§ WORK TASK: Repeat all the records exactly, omitting pictures.

§ Collected data entries:

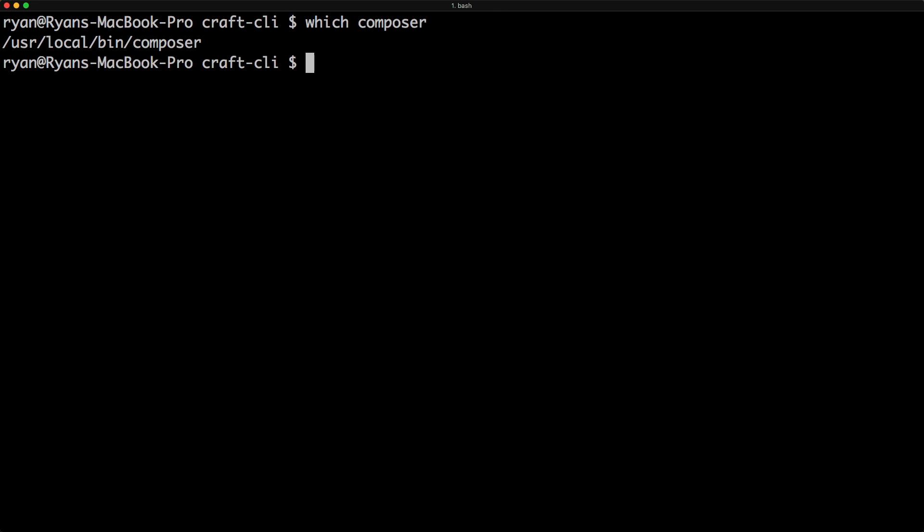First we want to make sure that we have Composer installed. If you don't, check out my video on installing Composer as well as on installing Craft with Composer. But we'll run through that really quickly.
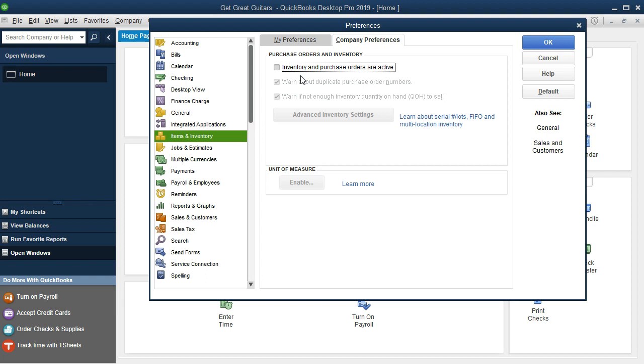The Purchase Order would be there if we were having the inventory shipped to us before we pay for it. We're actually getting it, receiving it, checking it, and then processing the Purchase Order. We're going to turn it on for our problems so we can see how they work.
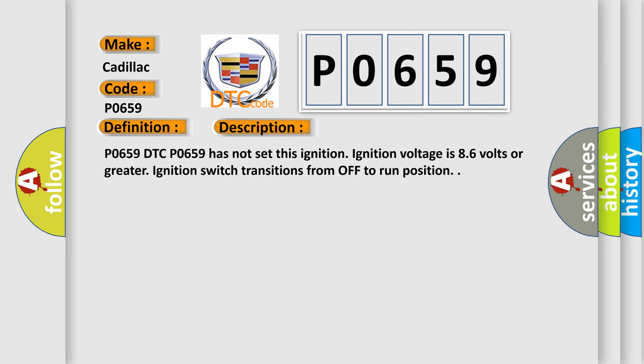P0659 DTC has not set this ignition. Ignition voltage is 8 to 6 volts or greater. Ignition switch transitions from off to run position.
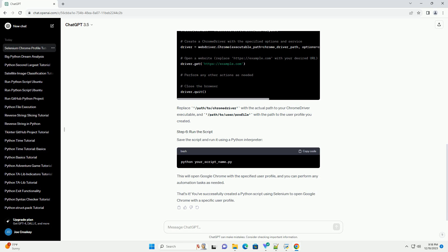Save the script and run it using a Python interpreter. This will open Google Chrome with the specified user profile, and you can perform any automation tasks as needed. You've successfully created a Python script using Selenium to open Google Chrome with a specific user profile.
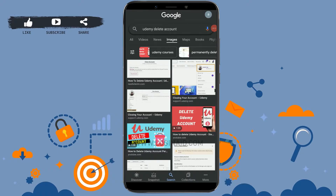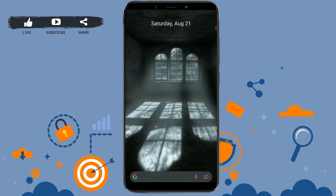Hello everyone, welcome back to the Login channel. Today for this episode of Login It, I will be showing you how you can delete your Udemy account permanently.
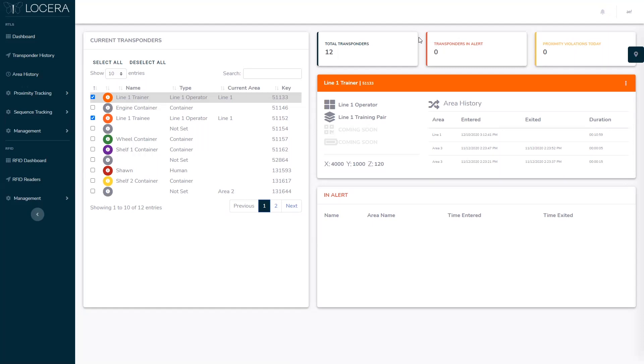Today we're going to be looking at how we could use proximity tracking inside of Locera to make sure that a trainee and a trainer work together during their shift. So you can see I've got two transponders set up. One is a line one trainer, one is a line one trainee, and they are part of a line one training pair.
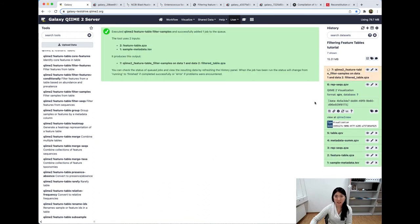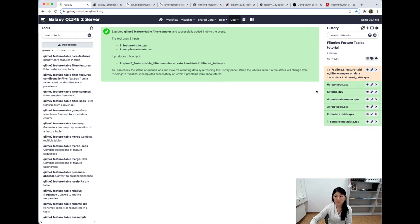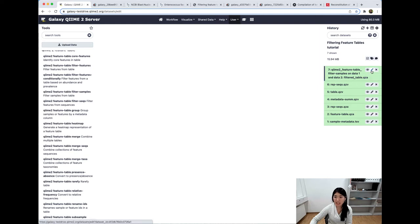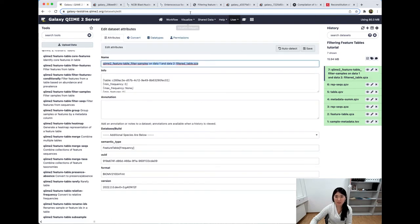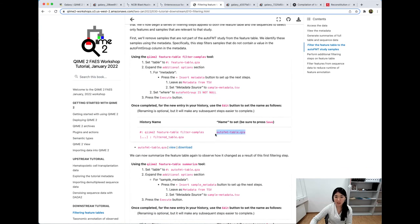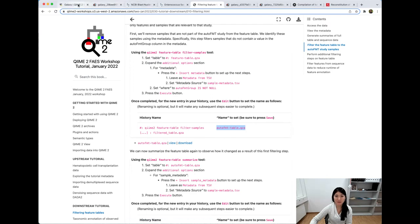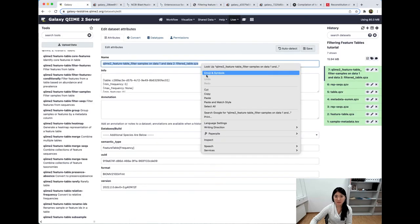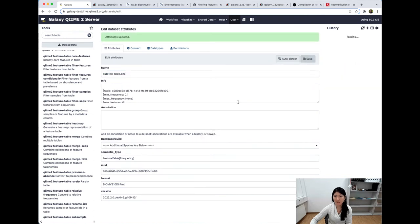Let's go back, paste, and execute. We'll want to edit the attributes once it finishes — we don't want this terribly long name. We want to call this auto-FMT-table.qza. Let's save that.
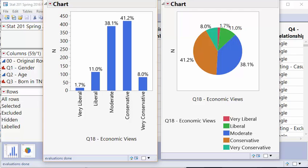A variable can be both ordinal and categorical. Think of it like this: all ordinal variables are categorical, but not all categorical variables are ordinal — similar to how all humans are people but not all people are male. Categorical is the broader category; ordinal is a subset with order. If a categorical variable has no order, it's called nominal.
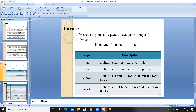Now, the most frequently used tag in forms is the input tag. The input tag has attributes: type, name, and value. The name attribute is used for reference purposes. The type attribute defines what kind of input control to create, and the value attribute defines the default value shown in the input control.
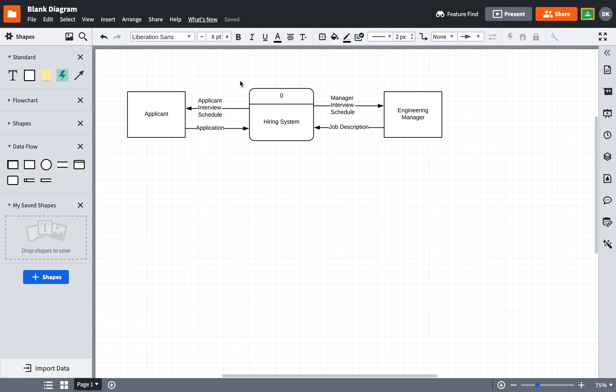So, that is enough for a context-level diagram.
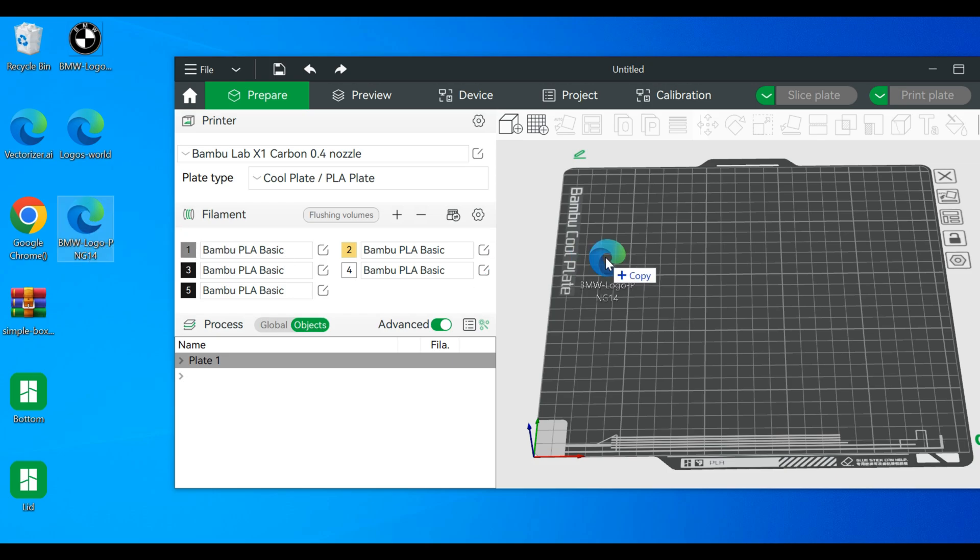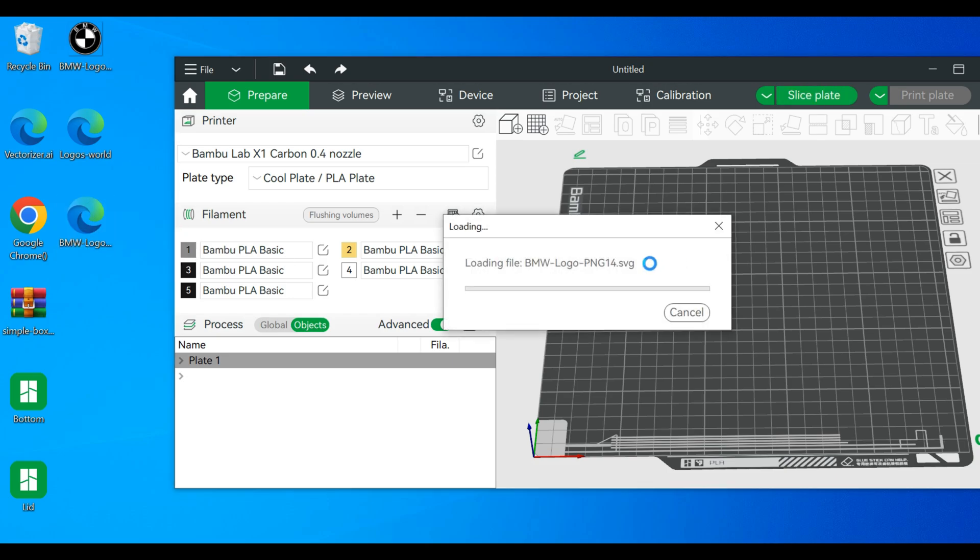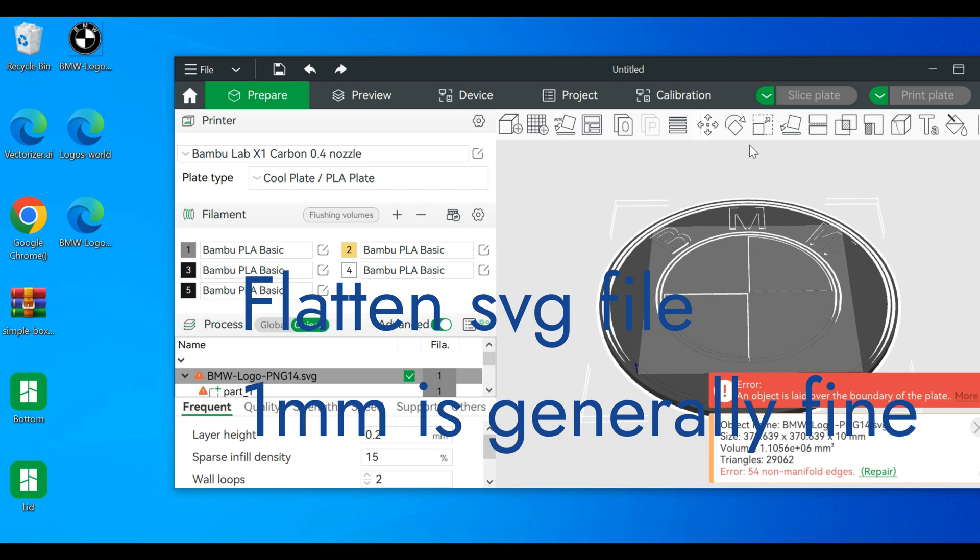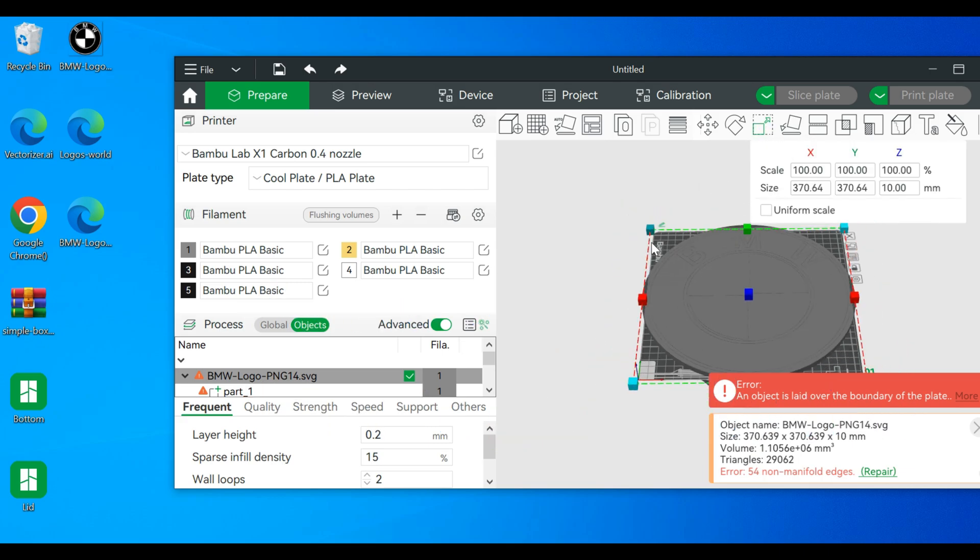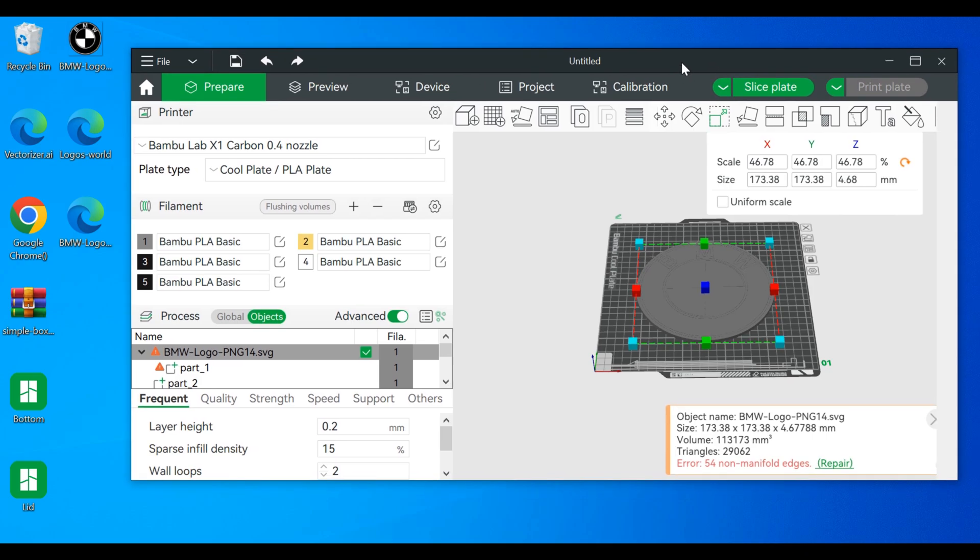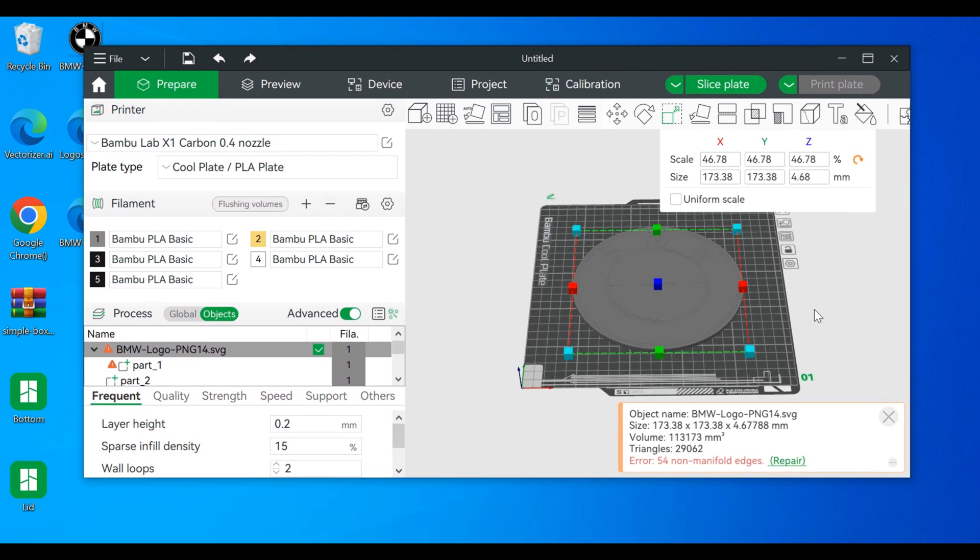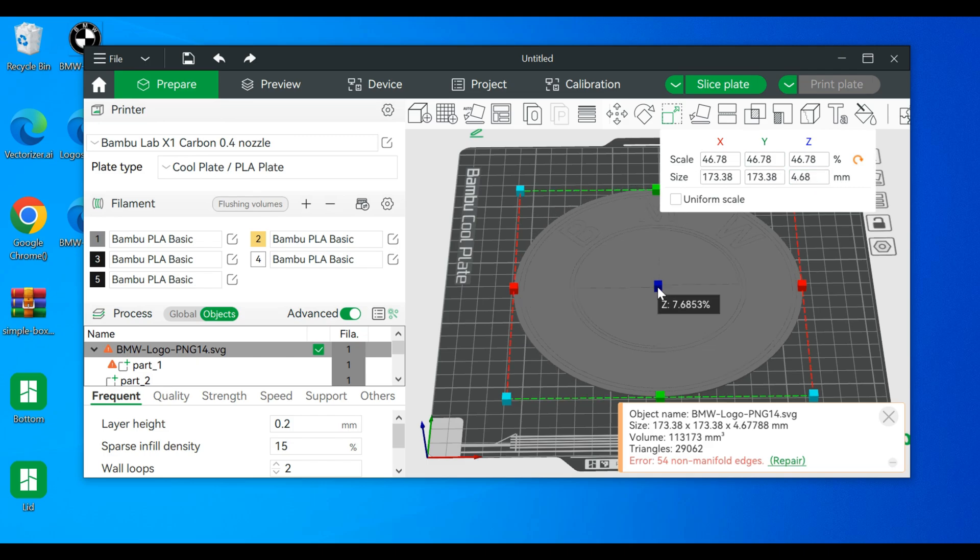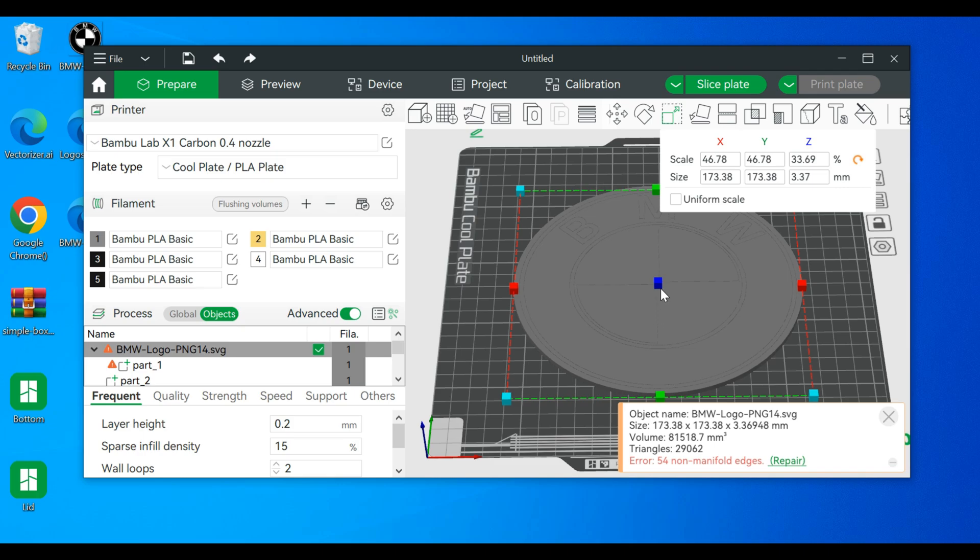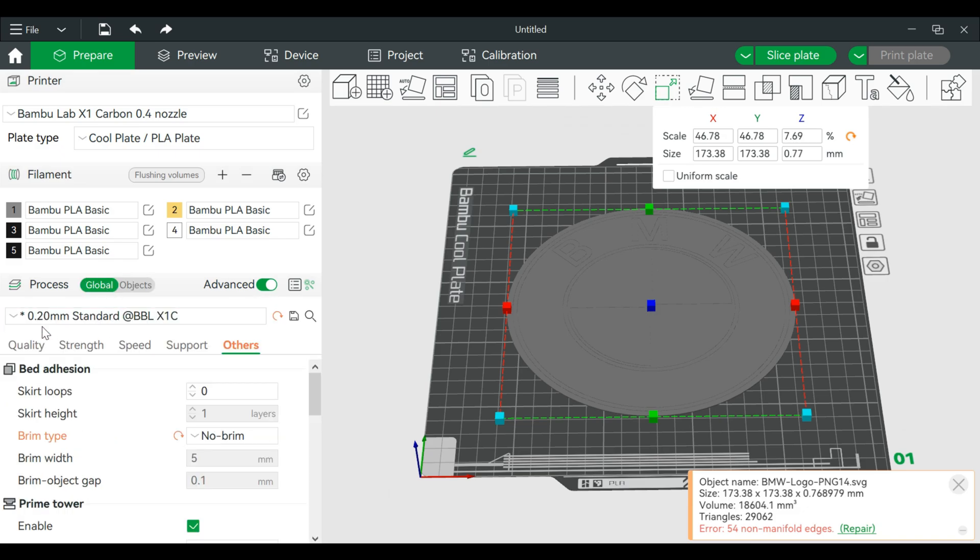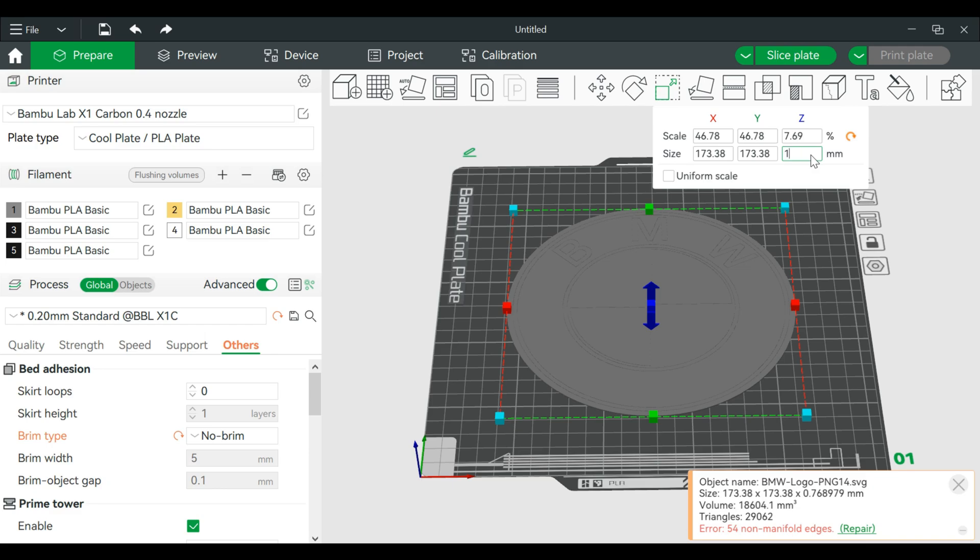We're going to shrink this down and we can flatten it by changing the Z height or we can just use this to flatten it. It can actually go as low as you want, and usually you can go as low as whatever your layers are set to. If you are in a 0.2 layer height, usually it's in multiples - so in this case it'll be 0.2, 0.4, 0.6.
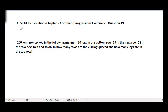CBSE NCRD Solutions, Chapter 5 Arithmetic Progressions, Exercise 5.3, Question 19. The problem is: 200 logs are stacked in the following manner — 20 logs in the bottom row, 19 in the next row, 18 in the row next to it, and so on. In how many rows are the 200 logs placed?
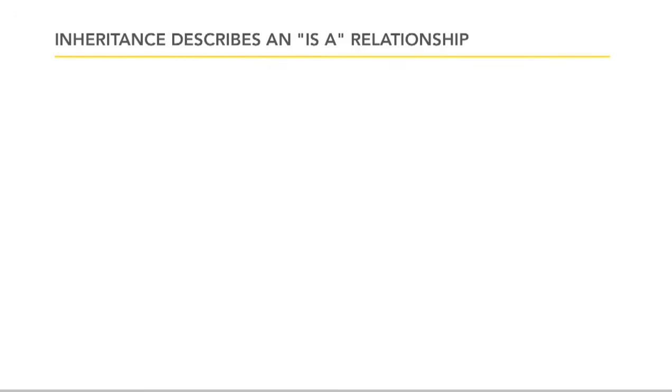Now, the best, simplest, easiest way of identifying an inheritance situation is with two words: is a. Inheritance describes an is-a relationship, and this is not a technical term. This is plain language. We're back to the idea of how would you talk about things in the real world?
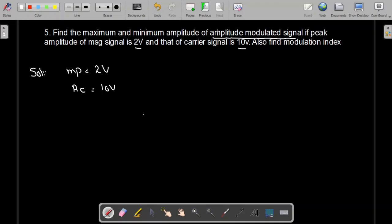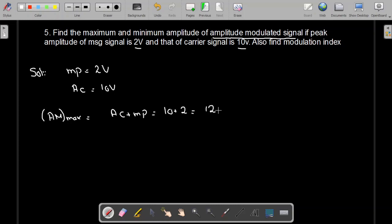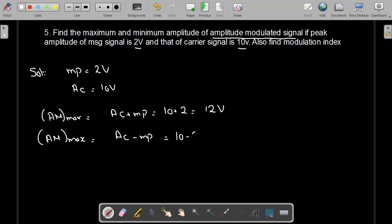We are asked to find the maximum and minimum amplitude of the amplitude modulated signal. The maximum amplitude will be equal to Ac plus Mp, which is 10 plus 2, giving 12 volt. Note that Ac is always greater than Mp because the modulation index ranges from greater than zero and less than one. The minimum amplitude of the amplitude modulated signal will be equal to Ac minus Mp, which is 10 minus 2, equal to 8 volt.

§ TASK RESPONSE:
First we want to make sure that we have Composer installed. If you don't, check out my video on installing Composer as well as on installing Craft with Composer. But we'll run through that really quickly.
The Purchase Order would be there if we were having the inventory shipped to us before we pay for it. We're actually getting it, receiving it, checking it, and then processing the Purchase Order. We're going to turn it on for our problems so we can see how they work.
P0659 DTC has not set this ignition. Ignition voltage is 8 to 6 volts or greater. Ignition switch transitions from off to run position.
Save the script and run it using a Python interpreter. This will open Google Chrome with the specified user profile, and you can perform any automation tasks as needed. You've successfully created a Python script using Selenium to open Google Chrome with a specific user profile.
Hello everyone, welcome back to the Login channel. Today for this episode of Login It, I will be showing you how you can delete your Udemy account permanently.
Today we're going to be looking at how we could use proximity tracking inside of Locera to make sure that a trainee and a trainer work together during their shift. So you can see I've got two transponders set up. One is a line one trainer, one is a line one trainee, and they are part of a line one training pair.
Let's go back, paste, and execute. We'll want to edit the attributes once it finishes — we don't want this terribly long name. We want to call this auto-FMT-table.qza. Let's save that.
A variable can be both ordinal and categorical. Think of it like this: all ordinal variables are categorical, but not all categorical variables are ordinal — similar to how all humans are people but not all people are male. Categorical is the broader category; ordinal is a subset with order. If a categorical variable has no order, it's called nominal.
Now, the most frequently used tag in forms is the input tag. The input tag has attributes: type, name, and value. The name attribute is used for reference purposes. The type attribute defines what kind of input control to create, and the value attribute defines the default value shown in the input control.
So, that is enough for a context-level diagram.
We're going to shrink this down and we can flatten it by changing the Z height or we can just use this to flatten it. It can actually go as low as you want, and usually you can go as low as whatever your layers are set to. If you are in a 0.2 layer height, usually it's in multiples - so in this case it'll be 0.2, 0.4, 0.6.
CBSE NCRD Solutions, Chapter 5 Arithmetic Progressions, Exercise 5.3, Question 19. The problem is: 200 logs are stacked in the following manner — 20 logs in the bottom row, 19 in the next row, 18 in the row next to it, and so on. In how many rows are the 200 logs placed?
Now, the best, simplest, easiest way of identifying an inheritance situation is with two words: is a. Inheritance describes an is-a relationship, and this is not a technical term. This is plain language. We're back to the idea of how would you talk about things in the real world?
We are asked to find the maximum and minimum amplitude of the amplitude modulated signal. The maximum amplitude will be equal to Ac plus Mp, which is 10 plus 2, giving 12 volt. Note that Ac is always greater than Mp because the modulation index ranges from greater than zero and less than one. The minimum amplitude of the amplitude modulated signal will be equal to Ac minus Mp, which is 10 minus 2, equal to 8 volt.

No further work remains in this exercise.